En las primeras salidas de compras sin Moody, seguí sus instrucciones exactamente, pues no deseaba provocar sus iras ni sus sospechas. Me preocupaba también el hecho de que pudiera seguirme, espiarme. Luego, una vez establecida la rutina, fui dilatando más y más mis ausencias, quejándome de lo llenas que estaban las tiendas y el deficiente servicio. Éstas eran excusas legítimas en una ciudad tan atestada como Teherán. Finalmente, en el cuarto o quinto viaje, me atreví a hacer una llamada telefónica a la Embajada de Suiza. Deslicé unos riales en mis ropas y corrí calle abajo con Mahtob y Amir a remolque, buscando una cabina de pago, confiando en ser capaz de realizar la operación.

Encontré una en seguida, sólo para darme cuenta de que, naturalmente, mis billetes eran inútiles. La cabina sólo aceptaba un
dozari
, una moneda de dos riales, de un valor aproximado a medio centavo de dólar, y bastante escasa. Entré en varias tiendas en rápida sucesión, enseñando mi billete y tartamudeando «
Dozari
». Los tenderos estaban demasiado ocupados, o me ignoraban, hasta que penetré en una tienda de ropa de hombre.


¿Dozari?
—pedí.

Un hombre alto de cabello oscuro me miró un momento desde detrás del mostrador, y luego preguntó.

—¿Habla usted inglés?

—Sí. Necesito monedas para hablar por teléfono. ¿Puede usted cambiarme?

—Puede usted usar mi teléfono —me contestó aquel ángel bajado del cielo.

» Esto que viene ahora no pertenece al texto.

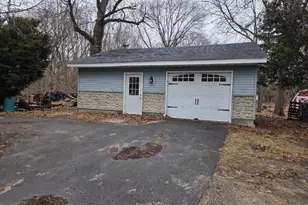 380 E 650 N, Rensselaer, IN 47978 - Photo 14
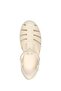 S10259 صندل نسائي من Igor Biarritz Mate مقاس 36-41 - 3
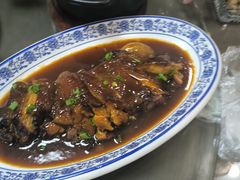 -广迎居老正兴菜馆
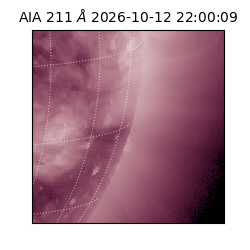 saia - 2026-10-12T22:00:09.623000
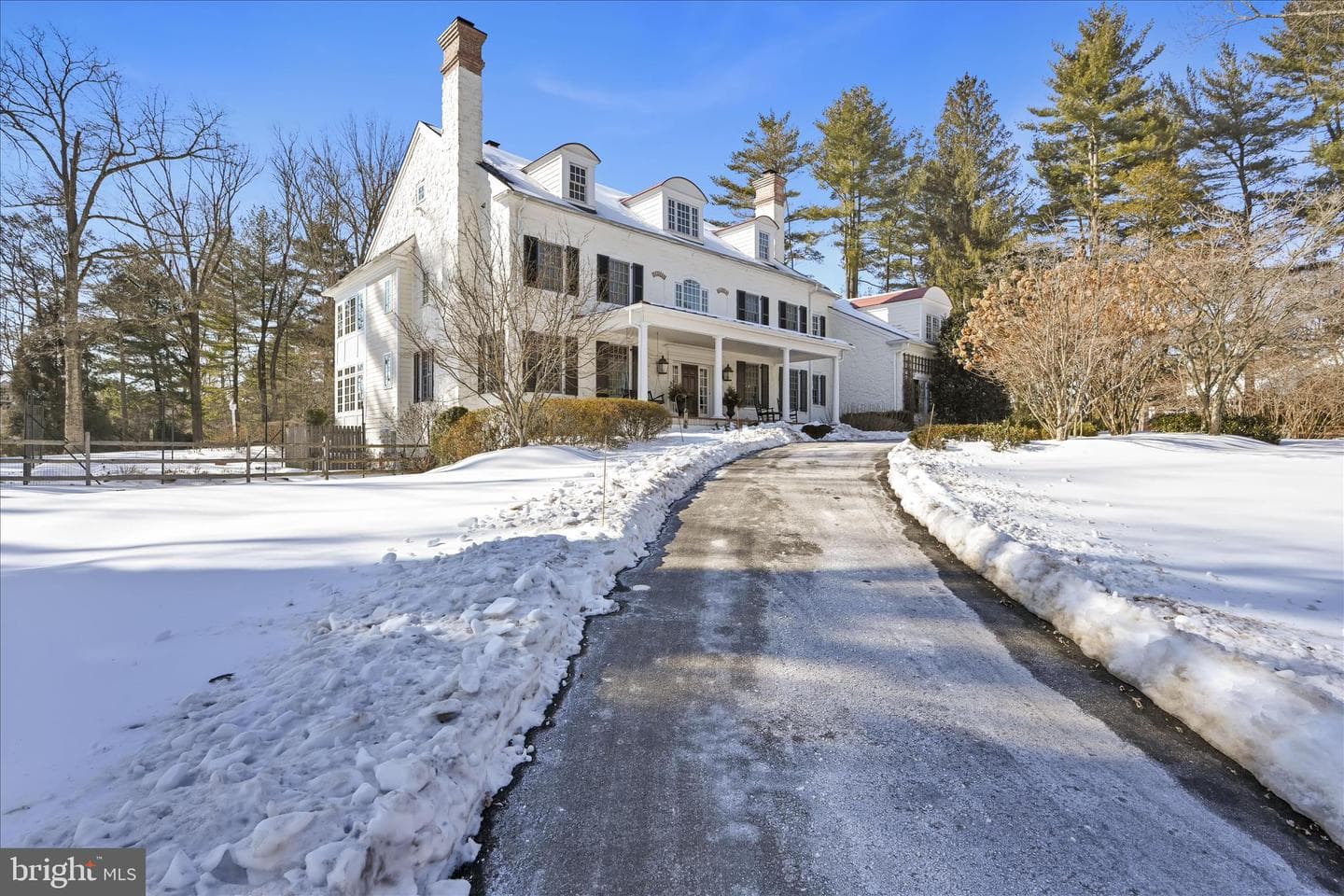 518 Newtown Road photo 13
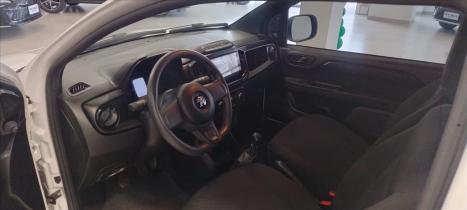PEUGEOT Partner Rapid 1.4 EVO FLEX BUSINESS PACK, Foto 4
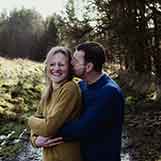 Appleberry studio - newborn, baby, children and family photography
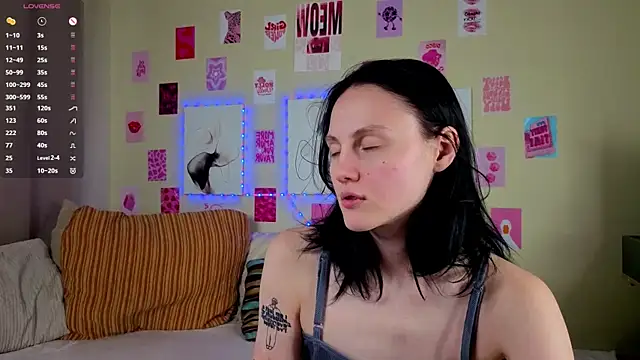 Онлайн чат XXX MaryCoopeer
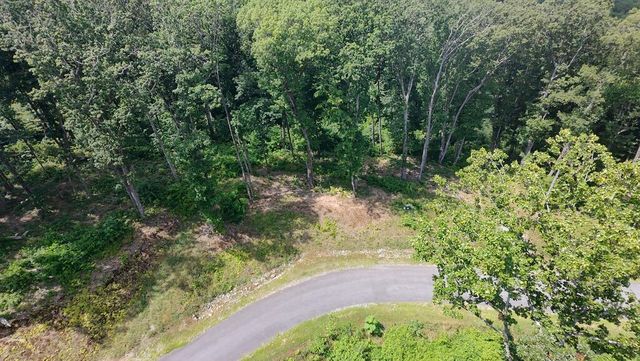 35 High Summit Drive, Talking Rock, GA 30175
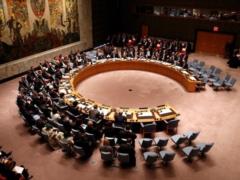 США в ООН заявили о стратегическом провале России в войне против Украины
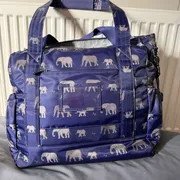 Jeff M. Profile photo 3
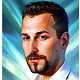 Druid_Panoramix's Avatar
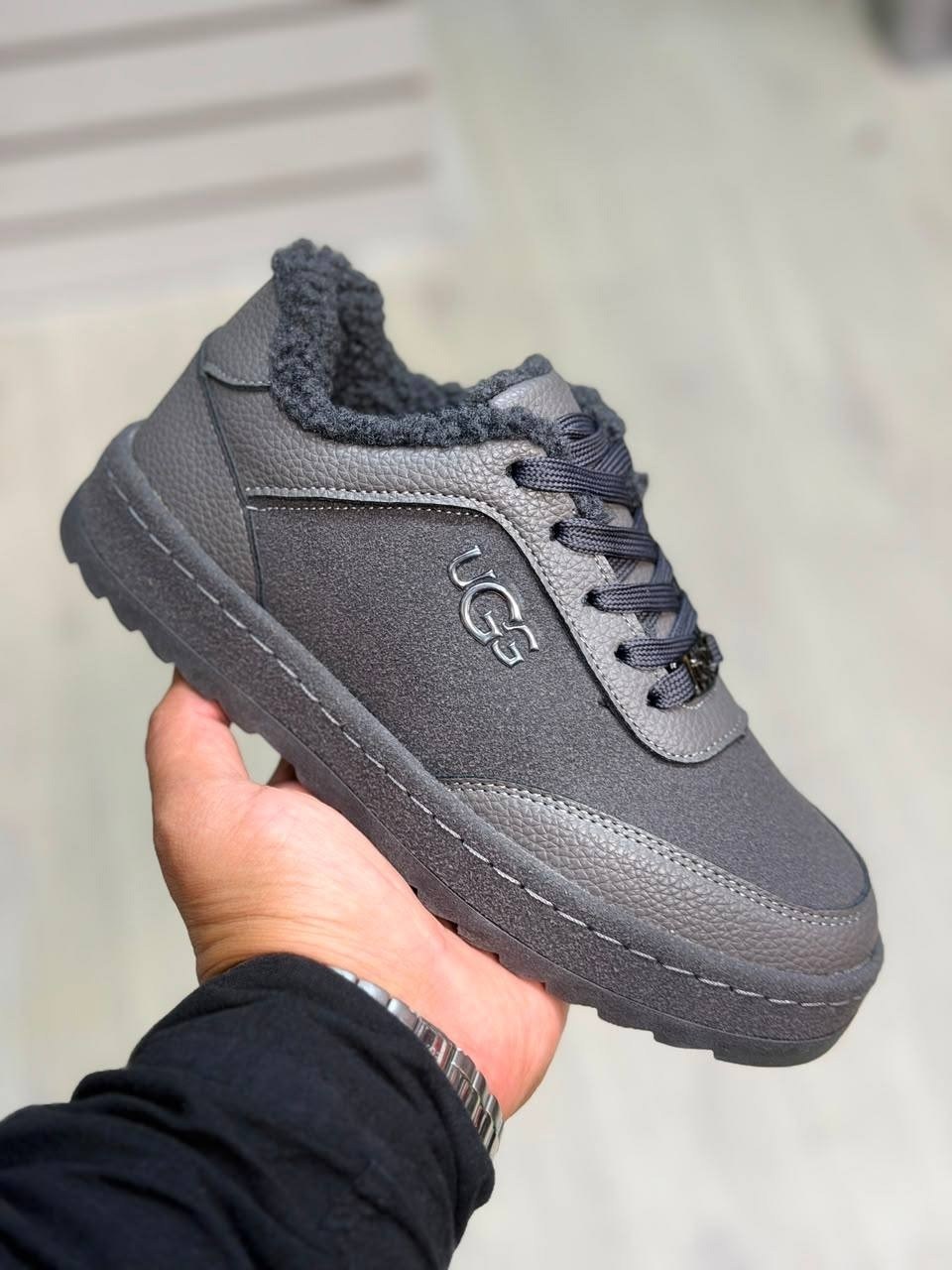 ,зимние женские кроссовки,ugg кроссовки,обуви, мужские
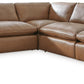 Emilia Sectional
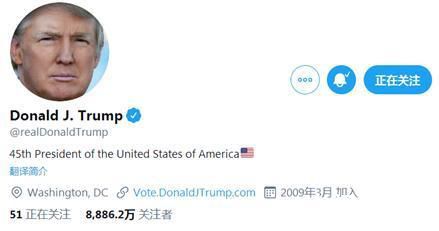 �����հ�ѡ�������ѵ���4��� һЩ�˿����Ѿ��ܹ���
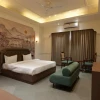 Miravelle Udaipur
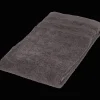 Hotel Royal Serviette Anthracite* Salle De Bain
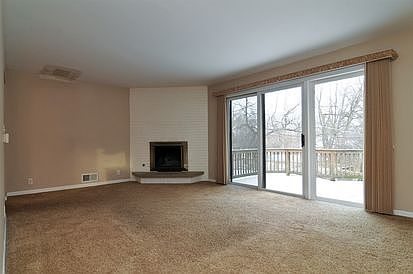 2nd image of 2841 W Bonnie Brook Ln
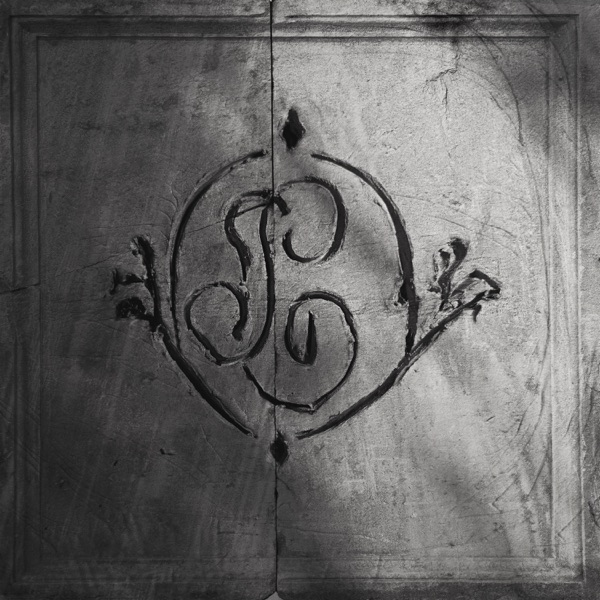 intro - Single album cover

Se llamaba Hamid y me dijo orgullosamente que había estado en América varias veces. Mientras Hamid trabajaba, telefoneé a la embajada y conseguí hablar con Helen.

—Veo que recibió nuestro mensaje —dijo satisfecha.

—¿Qué mensaje?

—¿Su marido no le dijo que llamara?

—No.

—Oh —reaccionó Helen con sorpresa—. Bueno, hemos estado tratando de comunicar con usted. Sus padres se han puesto en contacto con el Departamento de Estado, y nos han pedido que comprobemos su dirección y si usted y su hija están bien. He llamado a su cuñada varias veces, pero me dijo que se había ido usted a mar Caspio.

—Nunca he estado en mar Caspio —dije, adoptando la costumbre de Helen, tan característica de los europeos y asiáticos que hablan inglés de suprimir el artículo «el».

—Bien, su cuñada dijo que no sabía cuándo volvería usted, y yo le dije que tenía que hablar con usted inmediatamente.

Helen explicó que una de las pocas cosas que el gobierno iraní permitía hacer a la Sección de Intereses Americanos de la Embajada de Suiza era obligar a mi marido a mantener informada a mi familia de dónde nos encontrábamos Mahtob y yo, y a comprobar que nos encontrábamos bien. Helen dijo que había enviado dos cartas certificadas ordenándole que nos trajera a la embajada. Él había ignorado la primera carta, pero aquella misma mañana había llamado en respuesta a la segunda. «No se mostró muy cooperativo», dijo Helen.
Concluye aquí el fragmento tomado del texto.